Apollo Management may have their hands full with Realogy

by THE WAV GROUP on December 1, 2008

Remember the private equity boom that lasted a few months in 2006.  Realogy, with brands like Coldwell Banker, Century 21, Sotheby’s, Better Homes and Gardens and ERA were looked quite charming to Apollo Management – now their financing has hit the fan.  They are in the process of getting the bond holders who financed the deal to forgive a significant amount of the debt in turn for preferred payouts if the company fails.  This can also be referred to as a Cram Down – as in, if you want to get paid, we will be cramming this new valuation down your throat.  The bad news for investors means great news for Realogy – a company who stands to come out of this stronger than ever before.

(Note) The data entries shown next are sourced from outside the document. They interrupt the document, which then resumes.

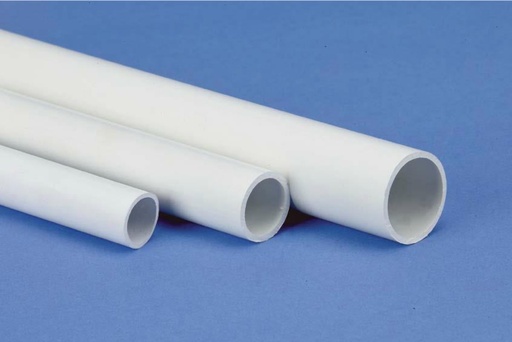 [ALX-2150-010] TUBE DE CONDENSATION RIGIDE Ø 20 MM L=2M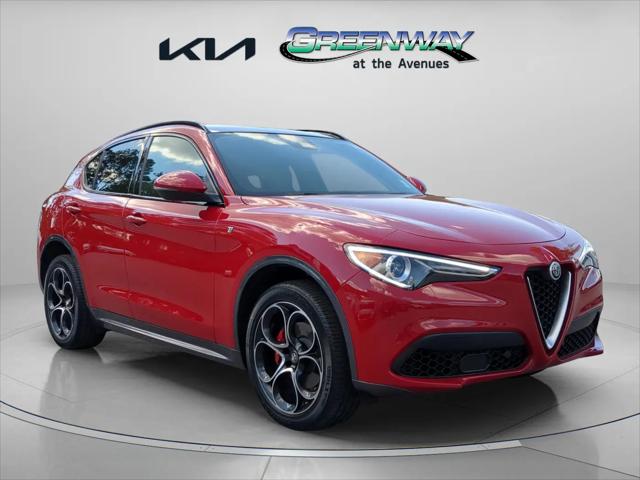 2023 Alfa Romeo Stelvio Ti AWD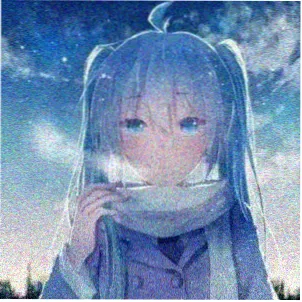 七人魔法使剧场版浅间玲奈角色立绘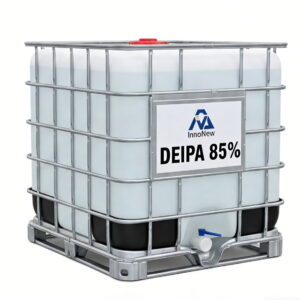 DEIPA cement grinding aid product and its application in cement production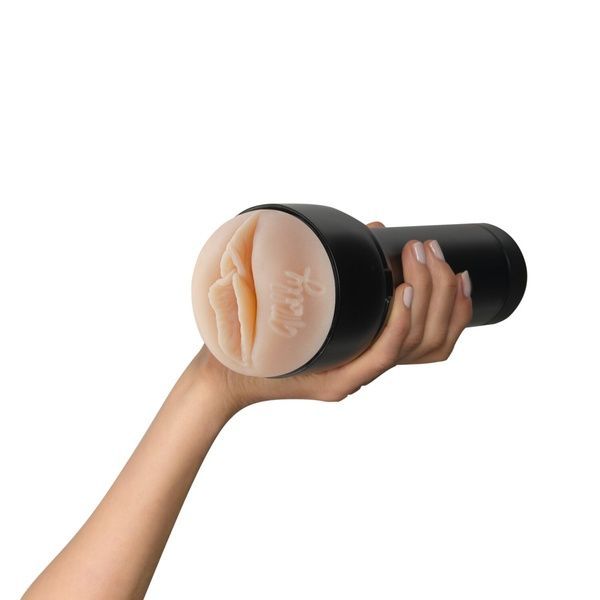 Мастурбатор Kiiroo Feel Molly Stewart PBC сумісний з PowerBlow та Keon SX1234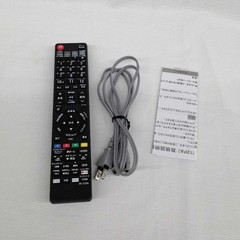 SHARP AQUOS 4B-C20BT3 2TB 4K Ultra HD Blu-ray HDD Recorder Works Tested TB02 4.0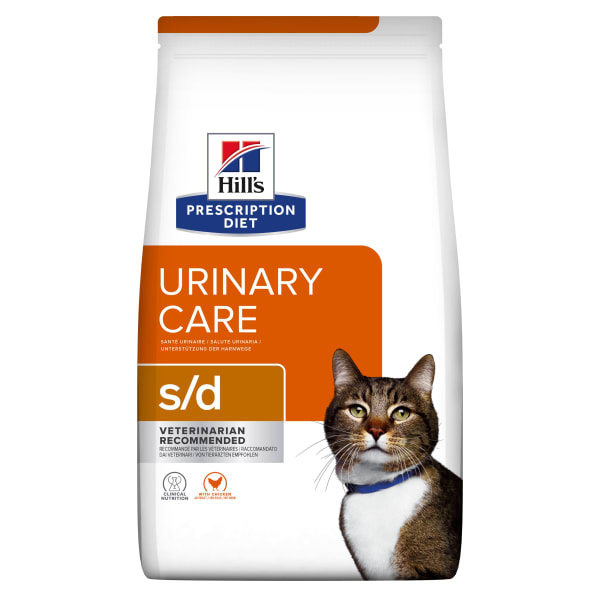 Hill s Prescription Diet s d Urinary Pet Supermarket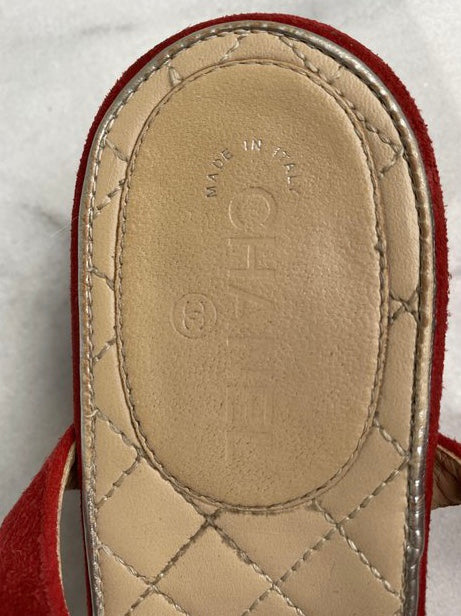Sandals size 40 EU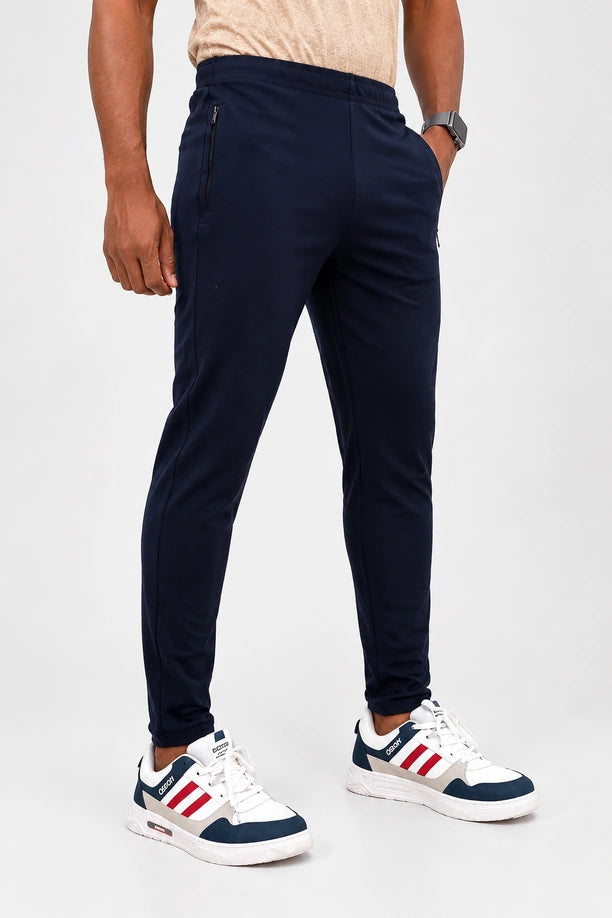 CRAZY LYCRA LOWER - NAVY BLUE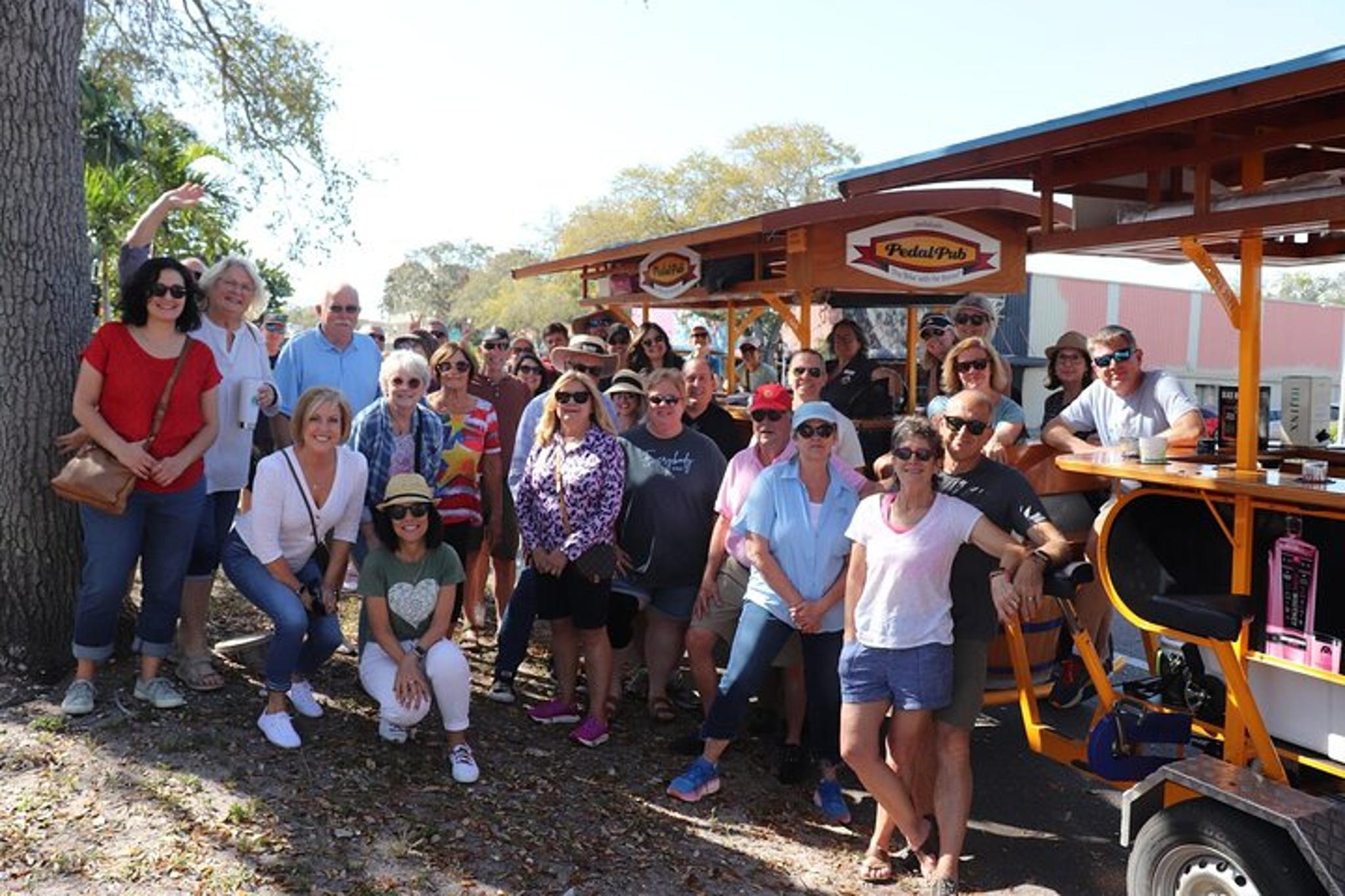 St. Pete Party Bike Tour - Image 6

It was as badly timed a takeover as there was during the private equity boom.

At the end of 2006, Apollo Management, the private equity firm headed by Leon Black, agreed to buy Realogy, a conglomerate with a number of franchised real estate businesses, among them Century 21 and Coldwell Banker, for $7 billion in cash. Now, The New York Times’s Floyd Norris writes, a struggle is emerging over how the unfortunate lenders should be treated. Realogy, under the direction of Apollo, is using a classic divide-and-conquer strategy. Bondholders are screaming that the tactics are illegal.

The strategy is simple: Just tell one group of bondholders that they can move up in the capital structure (and thus be more likely to be paid if the company goes broke). But first, they have to agree to forget about collecting most of the money they are owed. They are being asked to trade in old bonds for new loans with much smaller face values.

Overindebted consumers can only look on with envy, wishing they could pull off something similar, perhaps by telling one credit card company that they will pay another card company first unless the first company agrees to forgive most of what it is owed.

No owner of Realogy bonds has to make the exchange, of course. But if a bondholder turns it down, and others do make the exchange, that bondholder may find that he is much farther back in line, with even less probability of being paid anything.

Realogy disclosed this week that a lawyer claiming to represent owners of a majority of one class of bonds had threatened to sue, arguing the offering violated bond indentures. The company did not identify the lawyer, but The Times reports that one person involved in the case said Carl C. Icahn, the financier, owned the bonds. Mr. Icahn declined to comment.